Her eye might ride in an early Gemini spaceship, still-
seeming; below, hundreds of miles a second curving;
she spies her Gemini partner-ship, the one thing
she’s trained her eye precisely to light on, at speed.
Oh, she sees much, indeed;
records, and all the while slow past Ipe-roxo,
vast stands of eucalyptus, camphor, cedar, Pernambuco,
each thing eye-inventoried; her sports car runs look-and-go.
The criss-cross banana thatches, the various verdures, forest green
or verdigris, watermelon-skin or chartreuse,
all patchwork-leavened with near-black or with sheen
pupil-striking with glints, sun-copper or shocking blue bolts
whose one startling use
is to blind, and then submerge,
retracted periscope startle; the eye self-heals.
On, the revolve of wheels. Past the Santos-Dumont house.
From her small car
to actual touch of these broad sleek leaves must seem quite far;
yet she rides rolling quite near. She drives,
as the life all around her to her quick eye unhives.
Dizzy the elevator ups and downs,
the MG sashays and sambas a slo-mo careen,
Samambaia, Mangalarga, Alcobacinha, no telling where to.
Things tripwire, sights invert: shadow glares while sunlight gowns
plants uncharted dark-nimbused in mystery.
This is much of her history,
as the underhood fanbelt swirls like a river ocean
around flywheels greased with ancient grease,
car dancing to the momentum of slow reveal.
She drives and observes without cease.
Her sports car, swerving slow, runs look and go.

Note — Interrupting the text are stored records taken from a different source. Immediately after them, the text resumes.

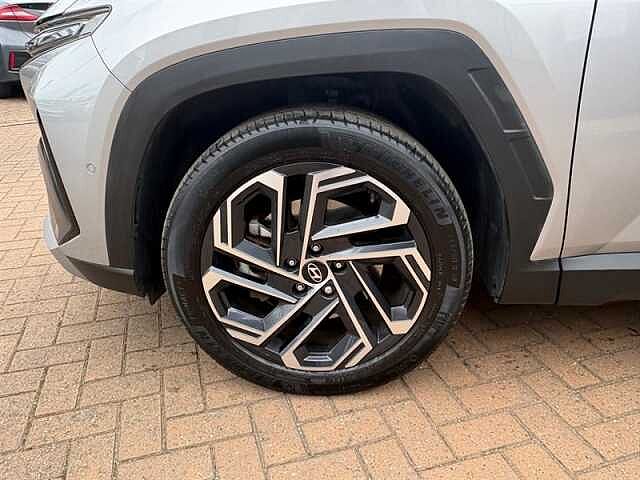 Hyundai TUCSON 1.6 T-GDi Ultimate SUV 5dr Petrol Hybrid Auto Euro 6 (s/s) (215 ps) Silver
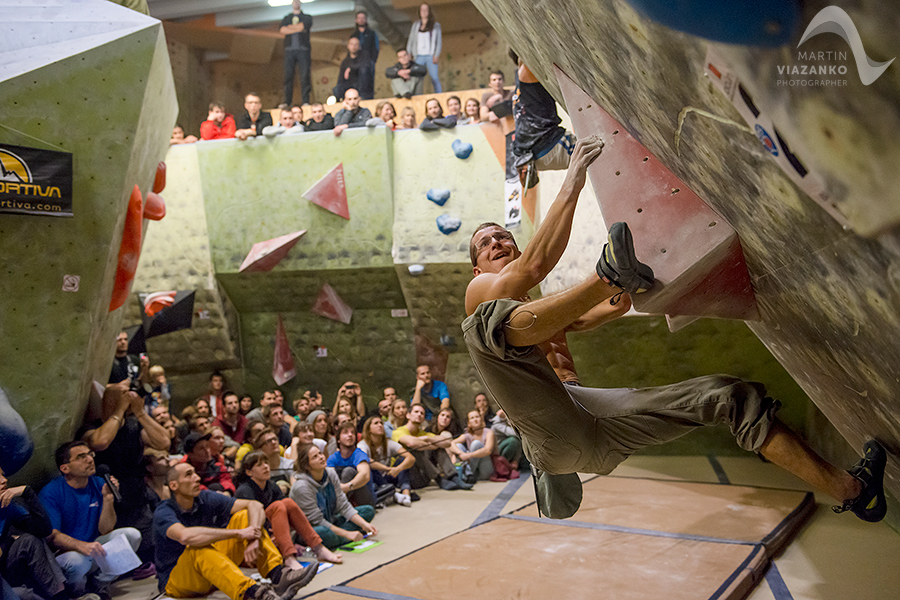 kiku vertigo open 2014, lezecke centrum, bratislava, boulder, bouldering, lezenie, climb, apple, jablko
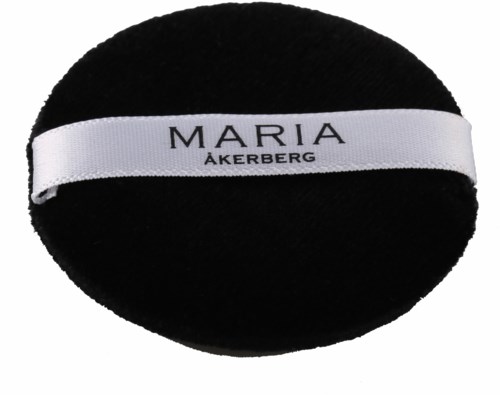 A black round object with a white band that says "MARIA ÅKERBERG."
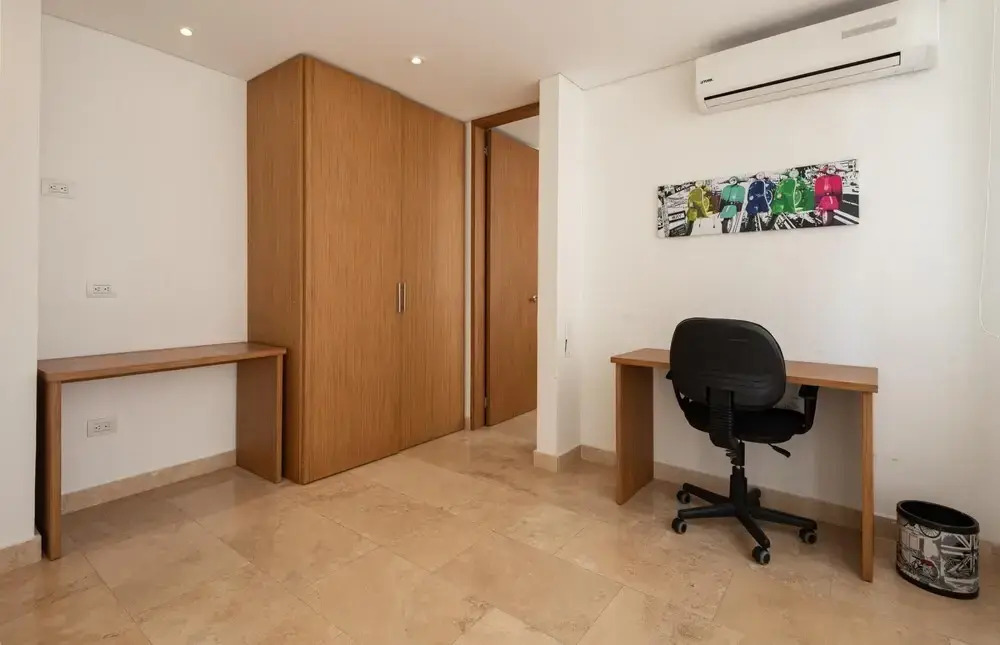 Centric 4 BR w Spacious Rooms Centro Amurallado by Huespedia
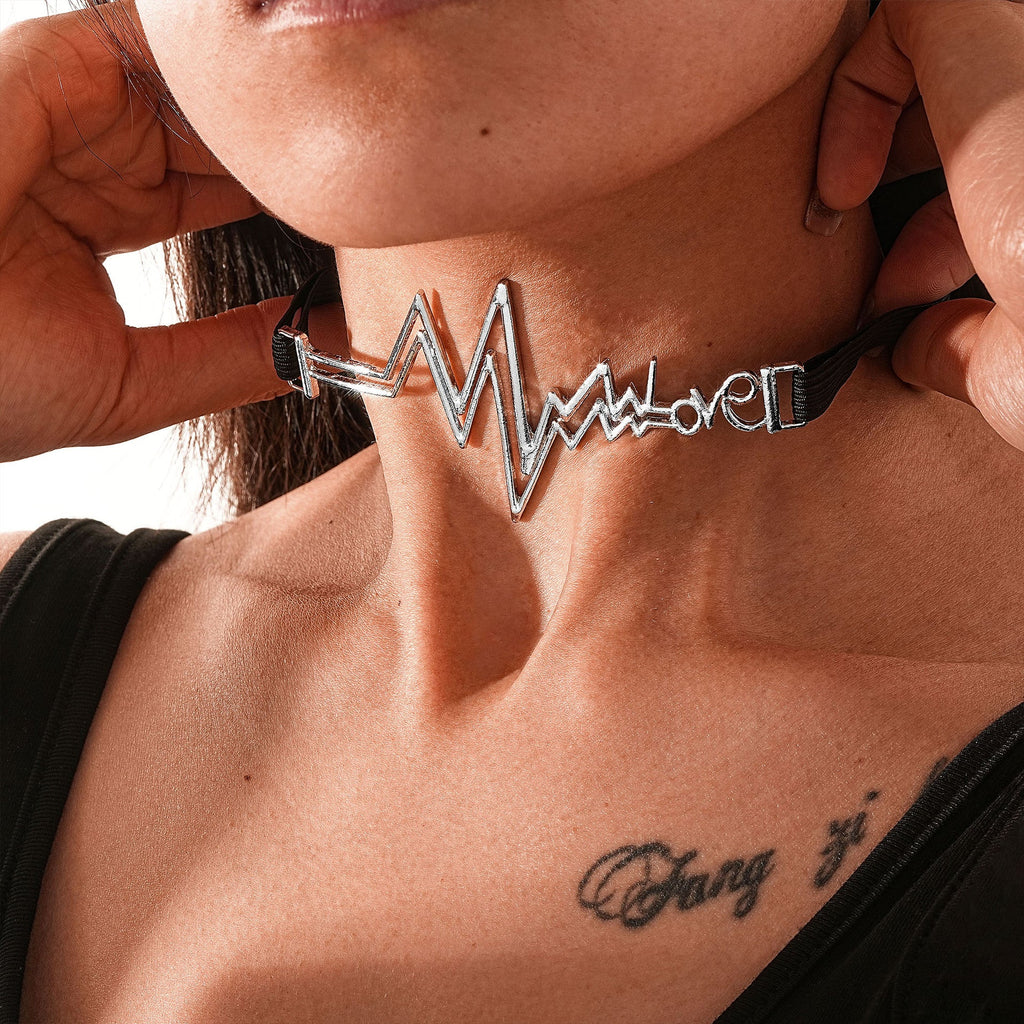 Stunning Necklace for Daily Wear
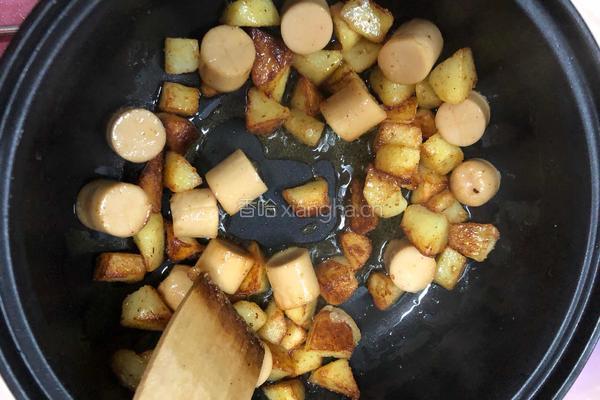 香煎土豆香肠块的做法图解11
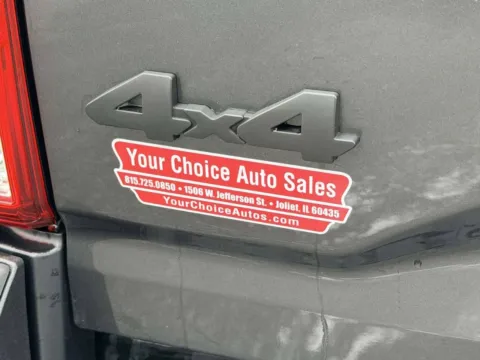 More photos of 2017 Toyota Tacoma SR5 V6 4x4 4dr Double Cab 5.0 ft SB at Your Choice Autos - Joliet, IL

*Apologies to John Adams, composer of Short Ride
in a Fast Machine

____________________

Today’s LittleNip:
 
Poetry is a phantom script telling how rainbows are made and why they go away.

—Carl Sandburg

____________________

—Medusa, with our thanks to Tom Goff and Katy Brown for today’s fine poetry and pix!



 Celebrate the poetry that is the rose!
—Photo by Katy Brown











Photos in this column can be enlarged by clicking on them once,
then click on the X in the top right corner to come back
to Medusa.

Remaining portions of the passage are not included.